Kaposi’s sarcoma (KS), the skin cancer most associated with AIDS, has been shown to develop in HIV-negative patients chronically treated with glucocorticoids. In the case of a 58-year-old man with systemic rheumatoid disease, KS developed eight months after starting prednisone (40 mg/day for three months) (Am J Med, 1987; 82: 1021-6). The patient also had a reduced lymphocyte count, specifically T4 cells. When tested, the man was found to be HIV-negative.
In one 1996 study, eight HIV-positive men with inflammatory bowel disease who used a rectal steroid preparation suffered a steady decline in T cells of 85 cells/mL/year. Four of them had part of their colon removed, after which they no longer needed steroids. T cells increased by 4 cells/mL/year. Eight control patients who did not have surgery and continued taking rectal steroids saw their T cells steadily decline (Eur J Gastroenterol Hepatol, 1996; 8: 575-8).

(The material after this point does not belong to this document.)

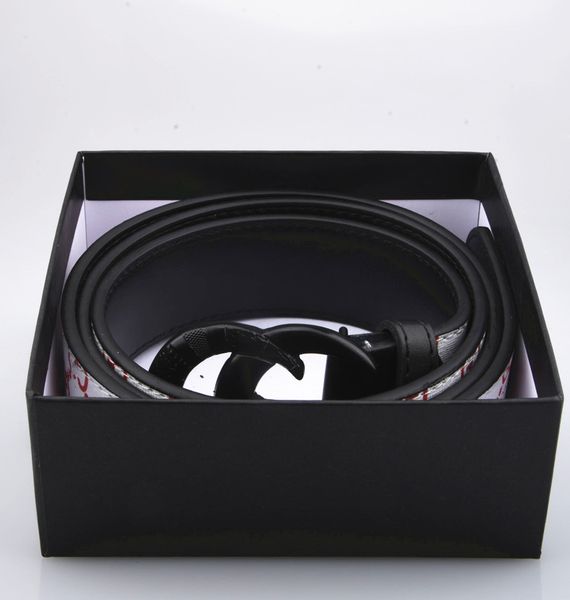 designer belt mens belts designer belts for women 3.8cm width summer fashion casual man woman belt classic bb simon belt waistband cintura u, Black;brown
designer belt mens belts designer belts for women 3.8cm width summer fashion casual man woman belt classic bb simon belt waistband cintura u, Black;brown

Another clue to the possibility of a steroid connection in AIDS is the fact that the majority of AIDS patients have metabolic and endocrine abnormalities, particularly adrenal insufficiency. One study showed changes in adrenal gland function in 182 AIDS patients.
The most common abnormality is hyponatraemia (low sodium), seen in up to 30 per cent of HIV-positives. Often, these patients also have a high blood potassium level – a sign of adrenal insufficiency often due to prolonged administration of too many steroids. Another clue is that the process of T-cell destruction can be reversed in homosexual men once they stop taking steroids.